何故なら、ルールの一つを破ってしまったと思っていたからだ。
バルゴが斬ったのは、マリーの左手首。骨までは達していない感触だったが、確実に肉を斬ったときのそれだった。血の量からしても、かなり深手を負っていることは明らか。
つまり、死に至らしめたとしても不思議ではないほどの斬撃を与えたことになる。
もし、ルールを破れば、一般兵に降格した上に生涯雑用係として罪を償い続けなければならない。仲間を死に至らしめれば報いを受ける。それは説明せずとも兵士になる者ならば、全員が知っていることだ。

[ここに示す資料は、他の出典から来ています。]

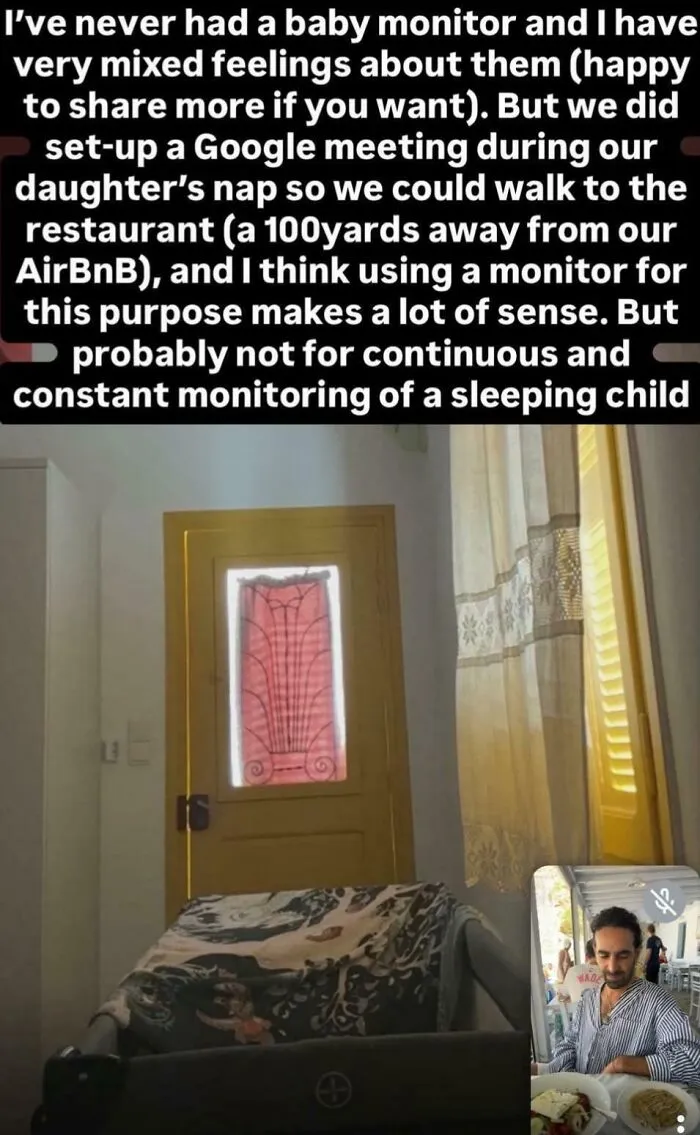 Influencers use a Google video call setup to monitor a baby room from a restaurant.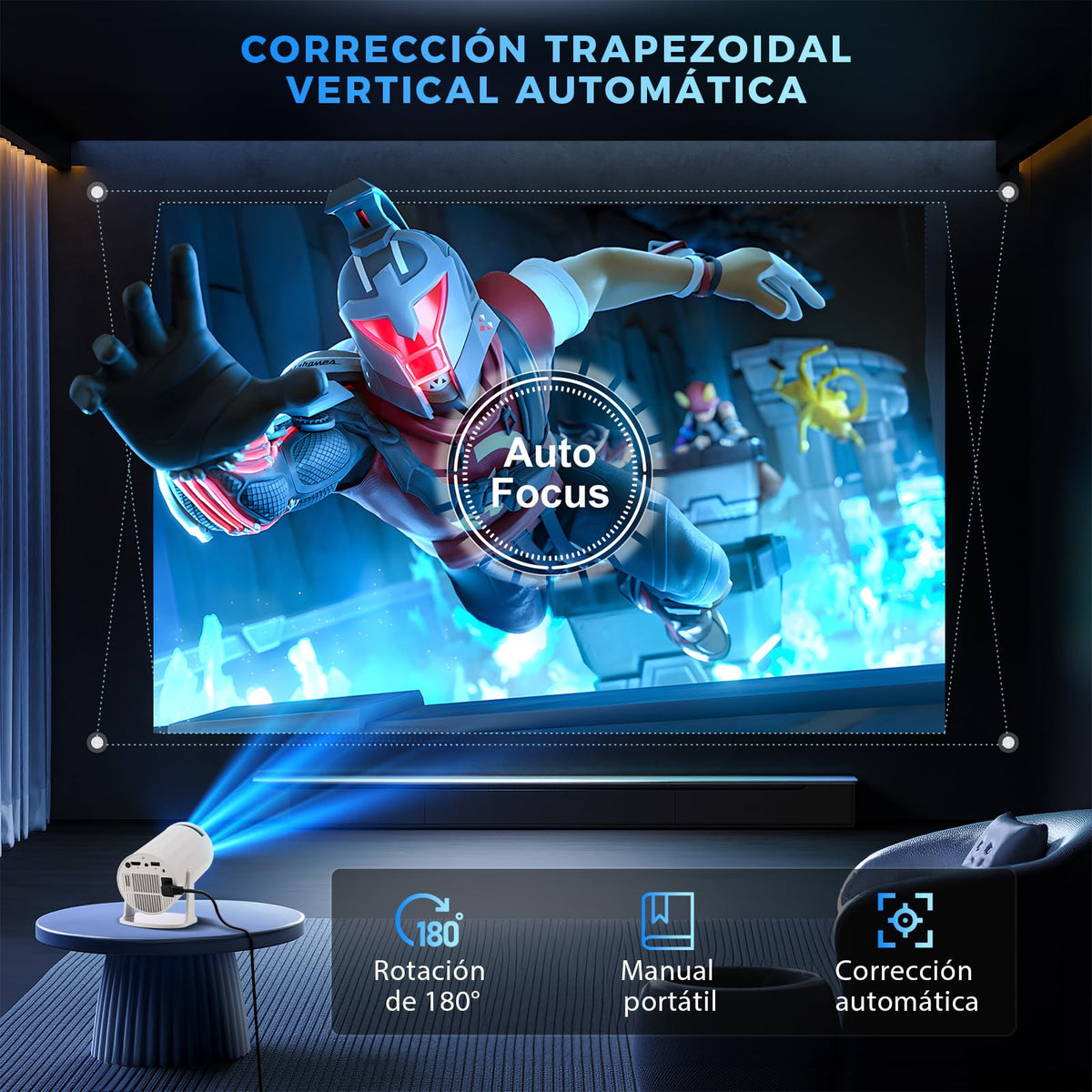 HUSEYTA Proyector, proyector Inteligente 4K/ 150 ANSI con WiFi 6, BT 5.0, Pantalla de 130 Pulgadas, Giro de 180 Grados, Sistema operativo Android Integrado 12.0, Compatible con iOS/Android/PC/PS4/PS5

だからこそ、絶対に非があったことを認めたくないバルゴは、自分のせいではないと訴え続けた。
「だから、止めてと言ったのです」
大量の血を流して、意識が朦朧としているはずのマリーがすっと立ち上がった。
「……なんだよ、それ」
「……マリーさん?」
戦っていたバルゴ、心配そうに見ていたラナ、そして闘技場内にいた誰もが驚きの声を上げていた。
「最近、英雄たる資質に目覚めたばかりで、まだこの力に慣れていないのです」
雨粒のような真っ赤な血の雫が、マリーの周りに浮遊している。
斬られたはずの左手首の出血は止まり、傷口は紅い蒸気と共に塞がっていく。そして、傷痕が残らないほど完璧に治癒してしまった。
「な、なんだよ、その目ぇええ?!」
大きく見開かれたマリーの目は、紅色に染まっていた。
「上手く避けてほしいのです。でないと私、お兄さんを殺してしまうかもしれないのです」
そう言うと、血の粒がマリーの手元に集まり弓の形を成していった。
「こ、殺してしまうって……、じ、冗談だろ」
可愛い顔をした巨乳のドジっ子キャラを確立した女の子とは思えないほどの殺気を放つマリーを見て、腰が抜けて動けなくなってしまったバルゴは、その狂気に満ちた姿に恐怖した。
「私の命を脅かす者に、降り注ぐ血の制裁を……<紅血の時雨>」
血で作られた弓を引き、矢を射るように浮遊していた血の粒を天高く放った。
容赦なく降り注ぐ無数の血の雨は、次々と地面にひび割れ一つない小さな穴を空ける。範囲は狭いが一直線に向かって来る紅血の時雨の威力を見る限り、一度触れれば風穴が空いてしまうことは間違いない。
「やめてくれぇぇえええ!!」
膝をガクガクさせて動くことができず、避けるタイミングを逃してしまったバルゴに成す術はない。凶器とかした血の雨が無情にもバルゴの頭上に降り注いだ。